# International Experience Canada (Working Holiday)



## lorenzo_gr (Sep 12, 2013)

Goodmorning everyone,

I am a young (26 y.o.) Italian man, with a master degree in Geology and, for a series of reasons, I am considering to apply for a working holiday visa in Canada (now, officially IEC - International Experience Canada).
I speak fluent English, and I used to speak good French (even if now, this latter is a little bit rusty)

I know that for Italians, this visa (which is limited to 1000 per year) allows you to stay in the country for up to 12 months, and to work for up to 6.
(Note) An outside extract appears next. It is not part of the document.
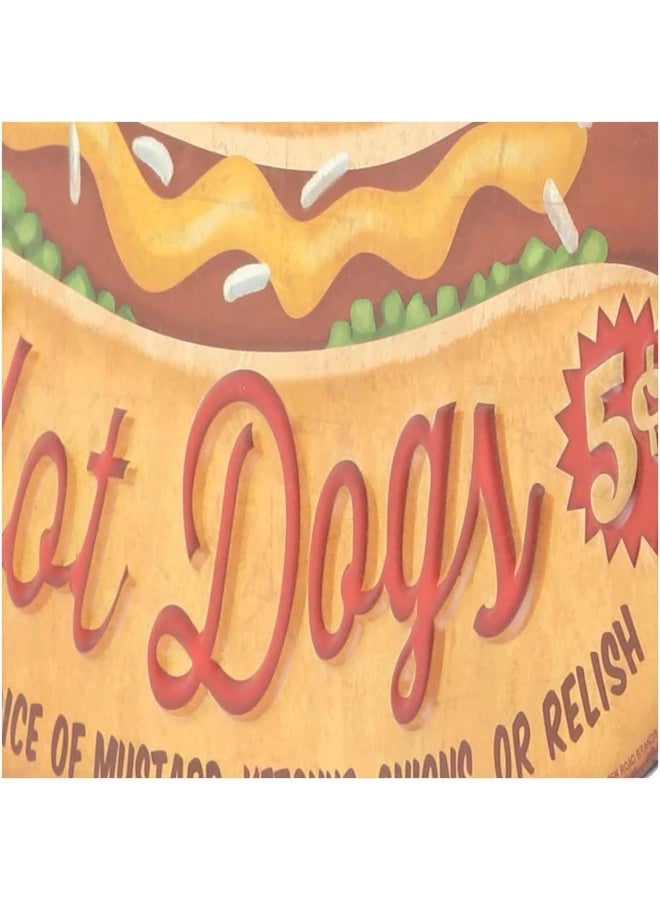 Open Road Brands Hot Dogs Embossed Metal Sign  Vintage Diner Hot Dog Sign for Kitchen or Man Cave - Image 4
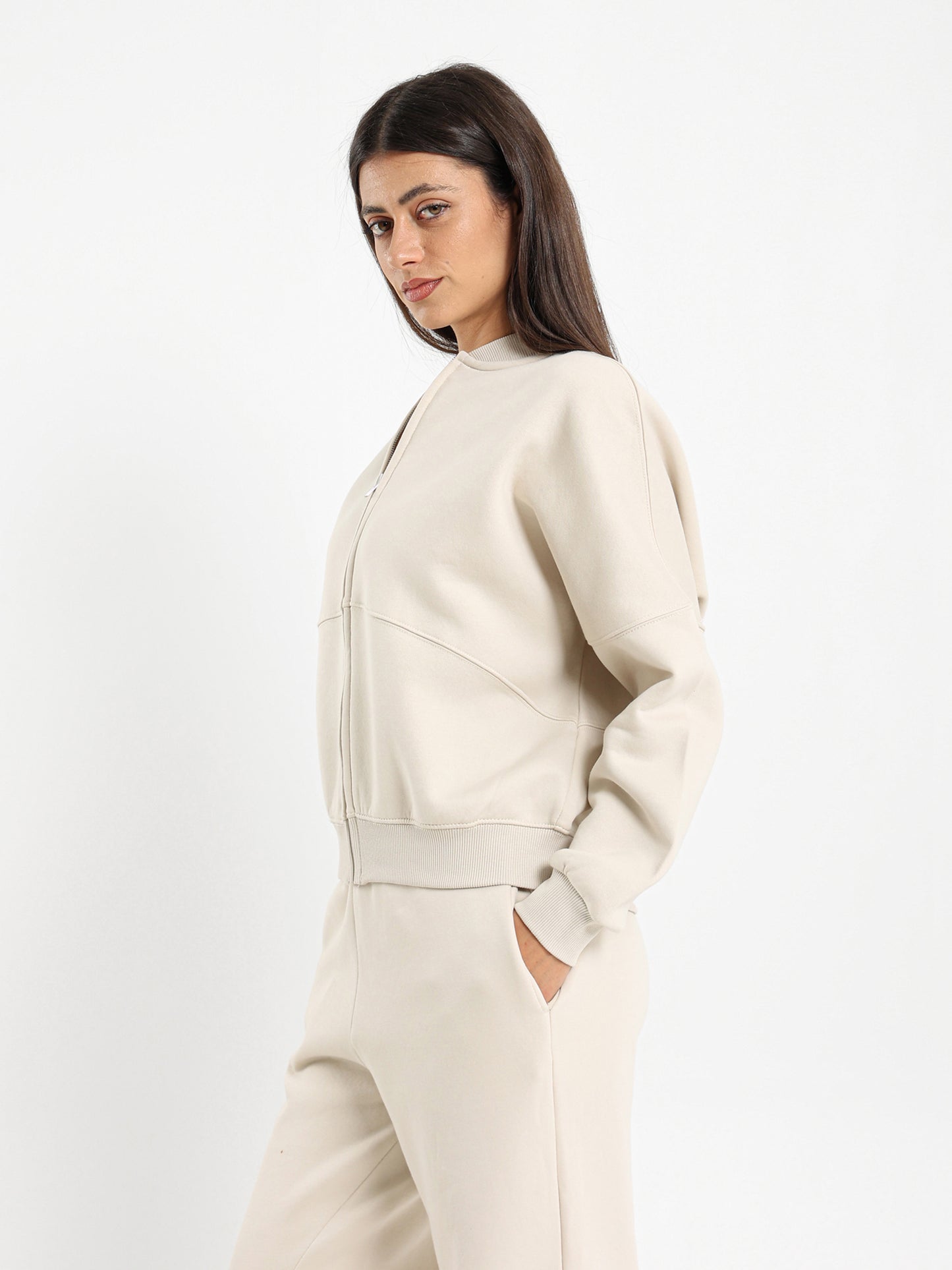 Stitched Detail Zip-Up Sweatshirt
My rough plan would be to stay in the Toronto area, or anyway in Ontario, and do, at least for a while, a volunteer work in a family farm (I use, to find this kind of opportunities, the website workaway.info) and then look for work in Toronto or in the nearby area, focusing, if possible, in the search of geologist/low-enthalpy geothermal jobs.

I wanted to ask if anyone has or had experience with this program (International Experience Canada (Working Holiday)) in Canada: 
how did it go, has it met your expectations, how easy/difficult has it been to find any kind of job (or a specific one) with this kind of visa, how does the population generally react to foreigners and to working holiday visa holders, what's the cost of living in Ontario, and so on...

So pretty much, it would be great if you could share your impressions, advice, experiences, etc.

Any help is greatly appreciated!

Best wishes to everyone!
Lorenzo


----------